Mobile security threat looms large

Banks are offering mobile banking in their droves, a service made increasingly attractive to customers by web-enabled smartphones such the iPhone But, as 41st Parameters Ori Eisen explains to EPI, history has shown that fraud follows payments innovations

By EPI editorial

Banks are offering mobile banking in their droves, a service made increasingly attractive to customers by web-enabled smartphones such the iPhone. But, as 41st Parameter’s Ori Eisen explains to EPI, history has shown that fraud follows payments innovations. Mobile banking will be no exception, he warns.


Banks must prepare for security attacks as fraudsters turn their attention to the mobile channel, warns Ori Eisen, founder and chief innovation officer of US payments security specialist 41st Parameter.

“Regrettably,” he added, while speaking to EPI, “they won’t.”

The pattern has been repeated throughout the past five decades of electronic payments innovation, Eisen stressed.

“Fraud always follows innovation in payments, yet banks have not come to terms with this fact,” said Eisen.

Security must be thought of in advance, but generally this does not happen, he continued.

“Fraud followed in the wake of the rapid uptake of internet banking and we can predict the same will happen with mobile banking,” said Eisen.

A mismatch of priorities poses a significant problem, continued Eisen. Innovative ideas such as mobile banking are initially driven by banks’ marketing departments, he explained, with anti-fraud specialists left to deal with the consequences afterwards.

As in the case of internet banking, fraud losses sustained by banks in the mobile channel will have to reach an uncomfortable level before they act decisively on mobile security, believes Eisen. A big problem, he added, is that banks don’t even know what form mobile banking fraud will take.
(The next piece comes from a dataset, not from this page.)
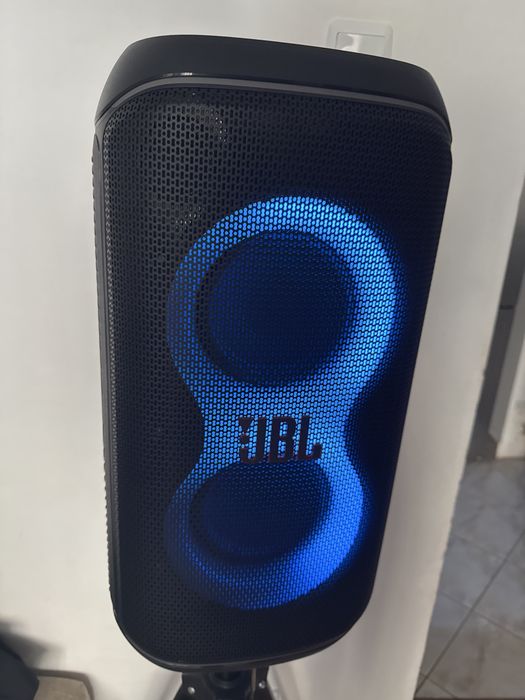 Vând 2 boxe Jbl Partybox 120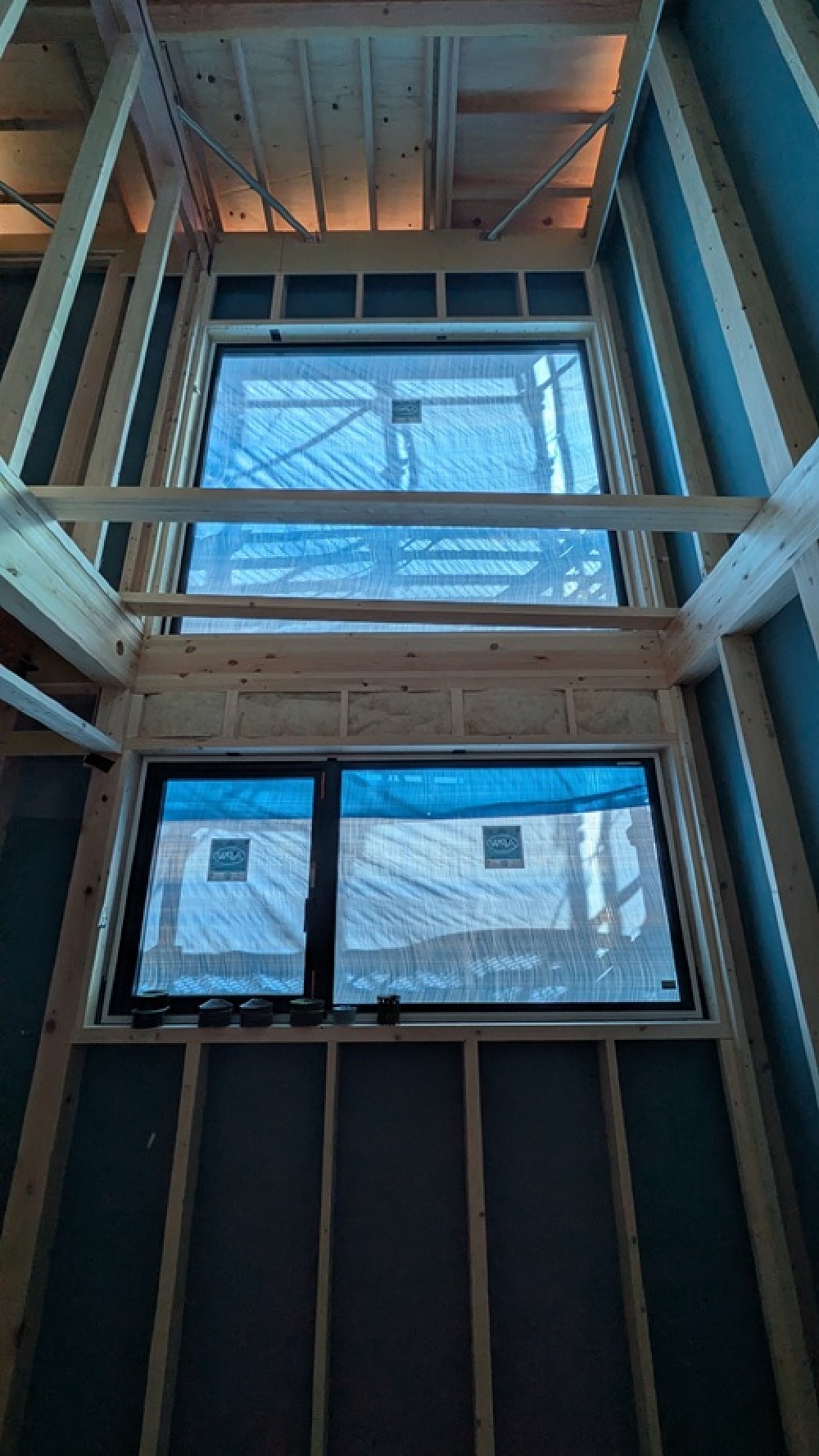 窓サッシ取り付け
Mobiles’ security inadequacies

However, when banks do come to terms with the reality of mobile fraud they face a tough challenge.

Quite simply, said Eisen, when compared to a desktop or laptop computer, internet-enabled mobile phones have limited security capabilities in the areas of user identification and verification. For example, mobile internet phones do not have Adobe Systems’ Flash application which is often use by banks as an additional layer of user identity verification.
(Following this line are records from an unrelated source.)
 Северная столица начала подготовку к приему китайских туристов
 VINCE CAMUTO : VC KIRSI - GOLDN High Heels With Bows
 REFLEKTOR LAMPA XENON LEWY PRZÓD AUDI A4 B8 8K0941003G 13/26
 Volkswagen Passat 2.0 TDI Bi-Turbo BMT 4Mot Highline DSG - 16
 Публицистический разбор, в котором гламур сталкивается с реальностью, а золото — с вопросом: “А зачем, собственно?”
Authenticating a user’s identity in mobile banking is as critical as it is with fixed line internet, yet, in reality mobile banking systems are falling at this particular hurdle, he stressed.
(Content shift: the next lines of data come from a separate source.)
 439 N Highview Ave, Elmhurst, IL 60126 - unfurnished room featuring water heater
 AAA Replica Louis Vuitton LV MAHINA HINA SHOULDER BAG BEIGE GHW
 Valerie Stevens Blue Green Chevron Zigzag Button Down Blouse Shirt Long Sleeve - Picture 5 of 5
Security weaknesses have not gone unnoticed by fraudsters who are turning their attention to what has been the biggest success story yet in the mobile internet market: Apple’s iPhone. In late-2009, almost 3 million iPhones were being snapped up every month by customers of 140 mobile network operators in 90 countries.

Because of this popularity, US security software developer Intego studied Apple computers in November last year. It identified three new items of malicious software (malware) targeting the iPhone. Of the three, what Intego called iBotnet.A was described as “the most sophisticated iPhone malware yet.”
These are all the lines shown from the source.